TCU students will get to see a battle for the Iron Skillet in both spring and fall every year, no longer just in football.
A new era of the historical cross-town rivalry began last weekend when the TCU Esports Club traveled to Dallas to play SMU in an all-day tournament.
Teams in the two clubs competed in best-of-three matches for five games: League of Legends, Overwatch, Counter Strike: Global Offensive, Valorant and Rocket League. The entire event was live-streamed with commentary by the SMU Esports team on their Twitch account.
This tournament was the first time TCU Esports competed in an in-person tournament since their first year as a club in 2017.
Team members said that playing side-by-side with their teammates was a game-changer.
“Playing in-person with your teammates and being able to see their faces… being able to cheer with them, get excited with them and have that connection makes a whole league of difference,” said Christian Lackey, sophomore music education major. “It makes it more rewarding in the end as well.”
“[In-person] we have better communication and better morale,” said Landon Bradley, sophomore music education major and Lackey’s team mate. “It’s just a lot more enjoyable to be in that situation.”
Club president Asa Tuten, a senior computer science major, has been onboard since 2018. His dedication to the club has been instrumental in their expansion to 35 members and seven competition groups.
“Whenever I first came in, it was just League and Overwatch,” said Tuten. “Being able to compete with five teams in five different games last weekend was pretty cool to see. I think right now we’re in a way better position than we were in the past.”
The Frogs came up short in their first tournament against the Mustangs, losing 4-1. TCU’s lone victory came from their Valorant team, who routed SMU 2-0 with a combined 26-11 wins in two best-of-13 matches.
Despite the result, Tuten said there are positive takeaways from this competition.

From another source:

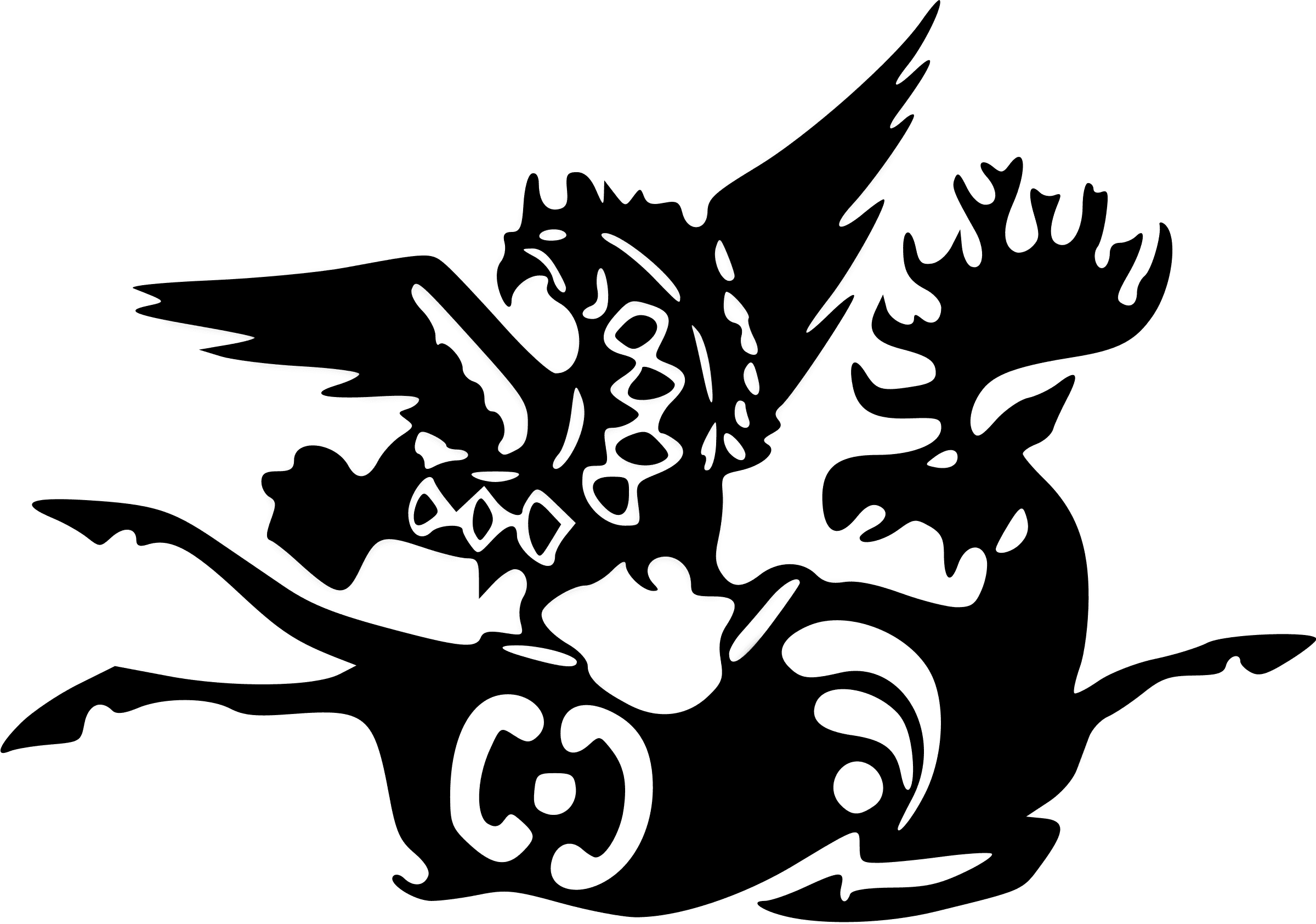 Hunting Download Clip Art - Design Clipart, HD Png Download - Transparent PNG Free Download | PNGio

“[The competition] kinda shows where we can get to if we can just work a little bit harder and put more time and effort in,” Tuten said. “I think a lot of people, especially after that event, they’ve bought into the program a lot more.”
TCU’s esports club is a microcosm in the nationwide growth of collegiate esports. There are over 170 colleges and universities with varsity esports teams that compete as members of the National Association of Collegiate Esports (NACE), according to the NACE website.
Sean Collins, an esports writer for the Dallas Morning News, said this trend may translate to high schools soon.
“The collegiate scene is going to start getting high school kids that are going specifically to places for esports as well,” Collins said. “I think that’s already been happening for the past several years, but it’s going to continue to be a thing.”
Tuten and the club are currently looking for Call of Duty players to form a new competition team.